As equipes de MSF também estão reabilitando o centro de saúde em Blukwa ‘Mbi – onde um grande número de pessoas deslocadas vive com famílias locais – para transformá-lo em um centro de referência que pode fornecer cuidados médicos especializados.

 

  1. Enormes necessidades humanitárias exigem uma intensificação da assistência

Muitas vezes ignoradas pela mídia e sem atenção política ou internacional, as 1,7 milhão de pessoas deslocadas na província de Ituri precisam urgentemente de assistência humanitária, incluindo alimentação, água potável, saneamento adequado, abrigo, educação e saúde.

“A maioria de nós não come todos os dias, nem mesmo as crianças”.

– Micheline, moradora de Gokpa, na província de Ituri.

Foto: Michel Lunanga

Muitas pessoas na região sentem que foram abandonadas e têm muito pouco do que precisam para sobreviver, especialmente em termos de alimentação. A insegurança crônica impossibilita que as pessoas alcancem seus campos e cuidem das lavouras – a principal atividade econômica da região.

“O que mais me preocupa hoje é o acesso à comida”, diz Micheline. “A maioria de nós não come todos os dias, nem mesmo as crianças. Não é período de colheita agora, então não há nada. Não há nem mesmo água potável de fácil acesso”. Conhecida dentro de sua comunidade como “líder das mães”, desde o início do ano Micheline acolheu 10 pessoas deslocadas em sua casa, que já abrigava oito pessoas.

 

As equipes de MSF fornecem cuidados de saúde no hospital geral de Drodro e em dois centros de saúde, dois postos de saúde avançados e seis locais de saúde comunitários na zona de saúde de Drodro, em colaboração com o Ministério da Saúde.
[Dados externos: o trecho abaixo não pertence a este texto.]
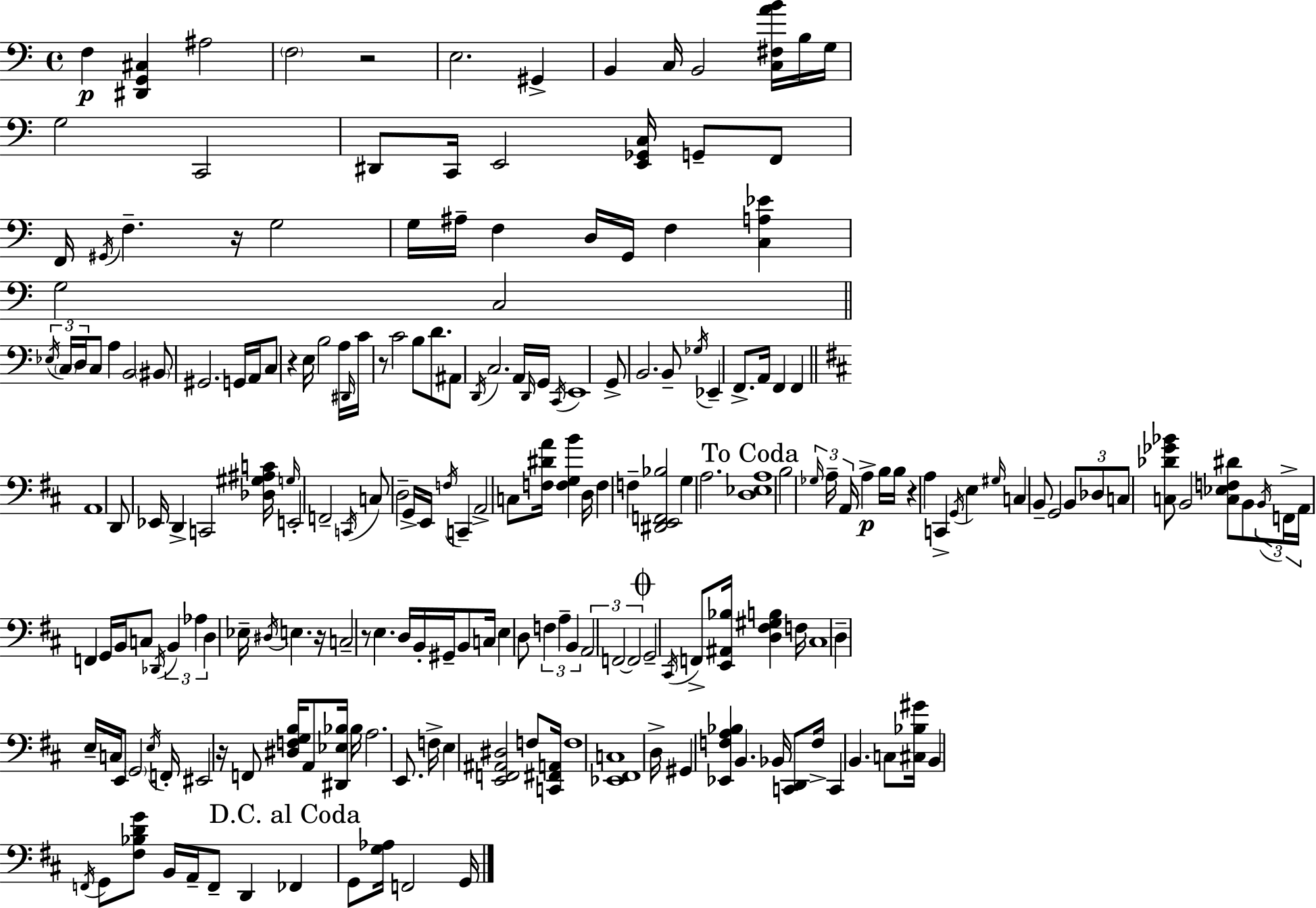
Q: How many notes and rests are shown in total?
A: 208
MSF oferece cuidados médicos gerais, com ênfase nos serviços pediátricos, incluindo tratamento para desnutrição, malária e infecções respiratórias. As equipes também prestam serviços de saúde mental, planejamento familiar e atendimento a sobreviventes de violência sexual.

Desde o início de 2023, as equipes de MSF na zona de saúde de Drodro forneceram 25.630 consultas médicas, trataram 850 crianças com desnutrição, forneceram 435 sessões de saúde mental e assistiram a 165 sobreviventes de violência sexual.